If no lives are at risk, keeping spilled oil from getting into the city’s storm drains would be a top priority for emergency responders. In addition to the potential for oil to reach the Spokane River and its interconnected aquifer, underground fires are a concern, Schaeffer said.
“We’ve had burning liquid from vehicle fires spilling into the storm sewers,” he said.
Those fires are difficult to put out, and there’s the potential for the flames to encounter pockets of methane gas and cause explosions, he said.
“If we have a problem, we don’t want it to spread to other locations,” he said.
Evacuation no easy task
Evacuating parts of downtown also would be a huge task for emergency responders.
“Our downtown really swells during the day,” Schaeffer said. “Some of those people would not be able to drive. Some would not be able to get to their cars. How would we notify those people on which way they should go?”
Buses would be used to move high-risk populations, including the elderly and people with medical problems. But the ability to provide rapid notification to an evacuation list that could include schools, hospitals, assisted living centers and workplaces is beyond the capability of Alert Spokane.
Spokane County’s emergency management group has started looking into other systems that could handle the load, Schaeffer said.
The Energy Facilities Siting Council, which oversees major energy projects in Washington, will eventually make a recommendation to Inslee about whether the Vancouver terminal should be built.
There is no timeline for the 10-member council to act, but once the recommendation has been made, the governor has 60 days to either approve or reject the recommendation, or to send the project back to the council for further review.
“We won’t be able to shut the oil trains down nor should we probably focus on doing that,” Schaeffer said. “We should focus on protecting the environment and protecting the safety of people.”

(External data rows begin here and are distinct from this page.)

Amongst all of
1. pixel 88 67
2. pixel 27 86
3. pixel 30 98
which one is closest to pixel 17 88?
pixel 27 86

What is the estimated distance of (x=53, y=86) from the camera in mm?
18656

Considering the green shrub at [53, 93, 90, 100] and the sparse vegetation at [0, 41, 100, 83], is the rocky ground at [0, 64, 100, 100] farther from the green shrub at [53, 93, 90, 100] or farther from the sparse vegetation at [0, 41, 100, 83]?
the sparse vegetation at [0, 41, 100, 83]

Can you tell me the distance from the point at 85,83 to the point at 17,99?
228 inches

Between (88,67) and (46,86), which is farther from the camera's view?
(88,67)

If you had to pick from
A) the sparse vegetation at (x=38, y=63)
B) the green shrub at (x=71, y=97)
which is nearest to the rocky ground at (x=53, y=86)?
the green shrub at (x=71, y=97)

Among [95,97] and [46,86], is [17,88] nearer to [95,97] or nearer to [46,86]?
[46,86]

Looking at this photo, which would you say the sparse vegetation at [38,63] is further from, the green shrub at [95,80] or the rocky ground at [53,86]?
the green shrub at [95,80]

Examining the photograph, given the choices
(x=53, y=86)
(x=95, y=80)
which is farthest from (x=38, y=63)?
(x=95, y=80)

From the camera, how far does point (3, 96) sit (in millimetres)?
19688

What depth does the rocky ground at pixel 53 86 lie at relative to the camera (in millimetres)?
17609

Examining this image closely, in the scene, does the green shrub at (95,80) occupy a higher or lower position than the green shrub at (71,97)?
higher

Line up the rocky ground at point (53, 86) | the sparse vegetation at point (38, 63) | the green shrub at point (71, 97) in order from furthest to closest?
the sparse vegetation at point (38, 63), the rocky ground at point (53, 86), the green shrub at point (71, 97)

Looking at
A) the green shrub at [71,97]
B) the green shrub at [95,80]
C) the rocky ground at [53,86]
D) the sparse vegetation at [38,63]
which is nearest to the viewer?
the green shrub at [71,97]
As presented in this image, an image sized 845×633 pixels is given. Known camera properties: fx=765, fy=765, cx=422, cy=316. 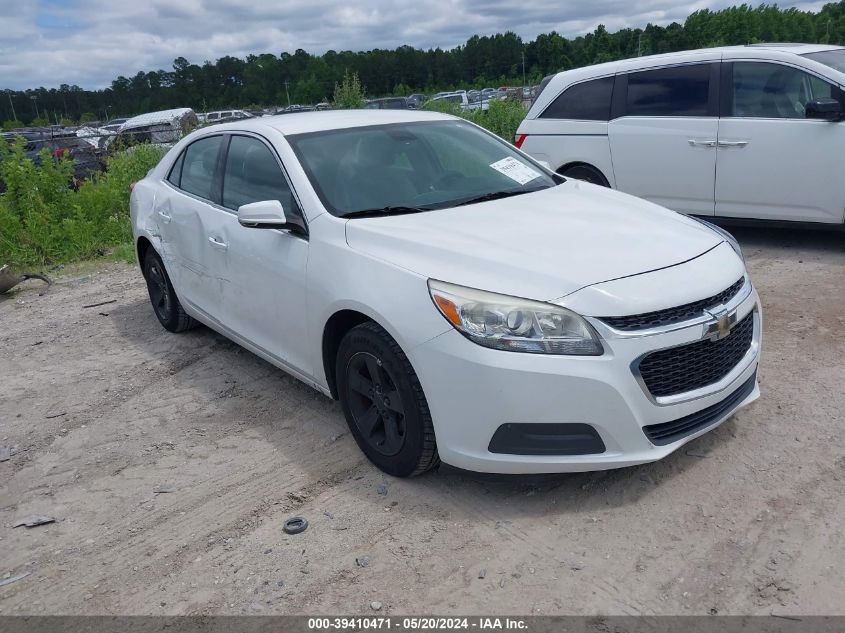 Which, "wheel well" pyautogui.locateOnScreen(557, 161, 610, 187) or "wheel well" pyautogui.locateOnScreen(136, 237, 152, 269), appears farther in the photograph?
"wheel well" pyautogui.locateOnScreen(557, 161, 610, 187)

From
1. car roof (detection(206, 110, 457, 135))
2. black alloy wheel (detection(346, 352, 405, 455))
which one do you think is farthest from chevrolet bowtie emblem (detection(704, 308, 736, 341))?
car roof (detection(206, 110, 457, 135))

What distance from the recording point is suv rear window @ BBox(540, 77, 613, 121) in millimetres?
7879

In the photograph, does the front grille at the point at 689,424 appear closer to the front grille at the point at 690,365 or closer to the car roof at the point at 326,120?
the front grille at the point at 690,365

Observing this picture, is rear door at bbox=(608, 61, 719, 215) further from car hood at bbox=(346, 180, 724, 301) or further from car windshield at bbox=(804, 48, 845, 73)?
car hood at bbox=(346, 180, 724, 301)

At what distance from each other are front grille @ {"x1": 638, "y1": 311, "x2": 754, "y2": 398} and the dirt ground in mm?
461

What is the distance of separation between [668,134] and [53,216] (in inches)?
→ 307

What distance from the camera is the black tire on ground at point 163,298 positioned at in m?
5.95

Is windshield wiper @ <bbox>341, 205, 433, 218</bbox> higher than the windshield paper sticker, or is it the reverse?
the windshield paper sticker

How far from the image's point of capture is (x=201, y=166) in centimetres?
530

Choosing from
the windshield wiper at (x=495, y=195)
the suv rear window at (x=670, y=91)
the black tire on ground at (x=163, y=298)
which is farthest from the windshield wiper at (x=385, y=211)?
the suv rear window at (x=670, y=91)

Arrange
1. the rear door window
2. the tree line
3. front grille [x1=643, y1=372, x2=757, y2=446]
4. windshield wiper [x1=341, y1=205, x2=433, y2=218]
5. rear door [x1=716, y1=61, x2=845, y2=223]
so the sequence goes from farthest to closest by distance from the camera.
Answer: the tree line < rear door [x1=716, y1=61, x2=845, y2=223] < the rear door window < windshield wiper [x1=341, y1=205, x2=433, y2=218] < front grille [x1=643, y1=372, x2=757, y2=446]

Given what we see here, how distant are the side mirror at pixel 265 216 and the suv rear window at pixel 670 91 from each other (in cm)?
486

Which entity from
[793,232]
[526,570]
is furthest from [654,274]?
[793,232]

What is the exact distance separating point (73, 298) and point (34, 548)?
500cm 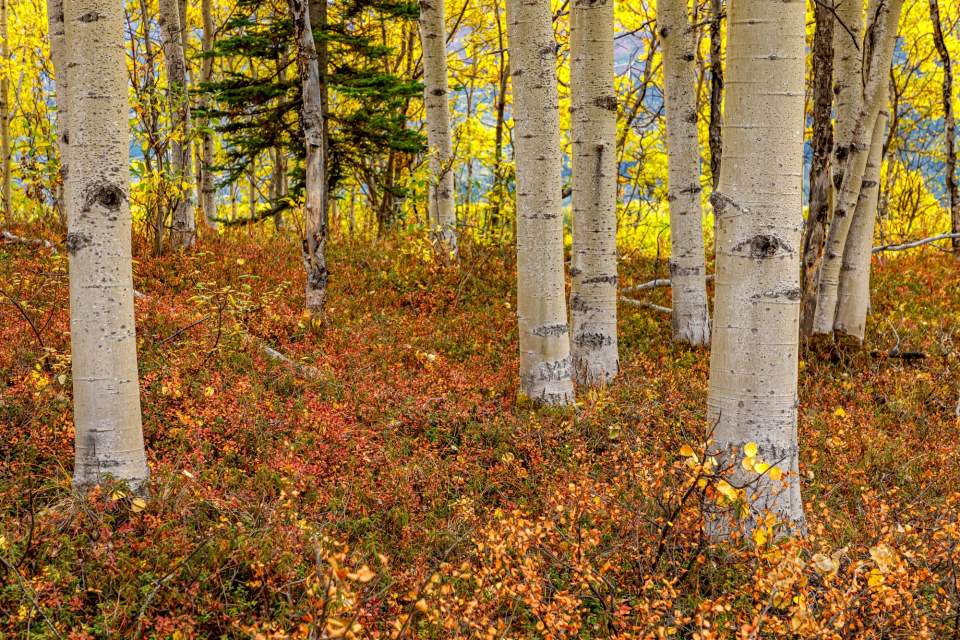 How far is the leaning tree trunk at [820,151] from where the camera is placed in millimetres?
7160

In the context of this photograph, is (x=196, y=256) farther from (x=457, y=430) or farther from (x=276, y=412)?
(x=457, y=430)

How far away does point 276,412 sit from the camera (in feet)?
18.5

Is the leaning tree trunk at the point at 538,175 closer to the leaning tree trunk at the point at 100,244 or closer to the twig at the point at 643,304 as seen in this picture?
the leaning tree trunk at the point at 100,244

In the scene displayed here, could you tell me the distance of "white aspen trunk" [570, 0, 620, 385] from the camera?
6.74 m

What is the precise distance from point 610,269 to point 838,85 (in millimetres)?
4054

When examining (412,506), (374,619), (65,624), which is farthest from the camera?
(412,506)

As an emergency responder, Schaeffer said that’s the message he tried to get across to members of the Energy Facility Siting Council last week. Through collaborative efforts, including providing additional training and resources for communities, there are ways to help reduce the risks to local residents, he said.
“Moving forward to me means making Spokane and our region a lot more prepared for an emergency if one does happen,” he said.